Demonstrations of several thousand at Union Square and outside Brooklyn's Prospect Park appeared mostly peaceful. Late in the day, protesters in Brooklyn confronted police, who shoved some of the demonstrators and used an irritating chemical spray.
De Blasio expressed solidarity with demonstrators upset over police brutality, but promised an independent review of the Friday night confrontation in which both protesters and police officers engaged in violence.
The mayor said he was upset by videos of the clashes in which "protesters were handled very violently" by police and by reports that a state senator and member of the state Assembly were among the people sprayed with irritating chemicals by officers.
Thousands of demonstrators gathered in downtown Chicago hours after protesters clashed overnight with police.
A crowd converged on Chicago's Loop for Saturday's protest march, during which at least one flag was burned, and some protesters climbed onto a bus and a light pole and surrounded police officers.
Following the overnight clashes with protesters, Chicago officials are urging that demonstrators remain peaceful. Demonstrations are expected throughout the weekend over Floyd's death.
Chicago police Superintendent David Brown says peaceful protests that began Friday afternoon turned more confrontational as the night wore on, resulting in 108 arrests.
Protesters blocked traffic along major streets, threw bottles and other objects at police vehicles and shattered the windows of downtown businesses.
The governor of Ohio is calling out the Ohio National Guard and also asking the highway patrol to help enforce laws in Columbus as the mayors of the state capital and Cleveland both announce 10pm curfews following damage to businesses amid protests over the death in Minneapolis of George Floyd.
Gov.
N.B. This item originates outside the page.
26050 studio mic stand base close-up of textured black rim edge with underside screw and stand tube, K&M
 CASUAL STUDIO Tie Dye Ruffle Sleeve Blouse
Mike DeWine said Saturday that the vast majority of protesters want "simply to be heard" and focus attention on the death of Floyd, a black man who died after a white officer pressed a knee into his neck.
But the governor adds that sadly the calls for justice and change are "being drowned out by a smaller group of violent individuals." He says that "acts of violence cannot, and will not, be tolerated."
Columbus Mayor Andrew Ginther says he believes racism "is a public health and safety crisis" and he wants to see a more equitable city, but "we are now at a point that we can no longer tell who is protesting for change and an end to racism and who has only chaos and destruction in mind."
Ginther says more than 100 public and private properties in Columbus had been damaged and at least 10 robbed of goods. He says five police officers were injured by thrown bricks or rocks and police vehicles have been set afire.
Texas Gov. Greg Abbott sent more than 1500 state troopers to various Texas cities to help control protests.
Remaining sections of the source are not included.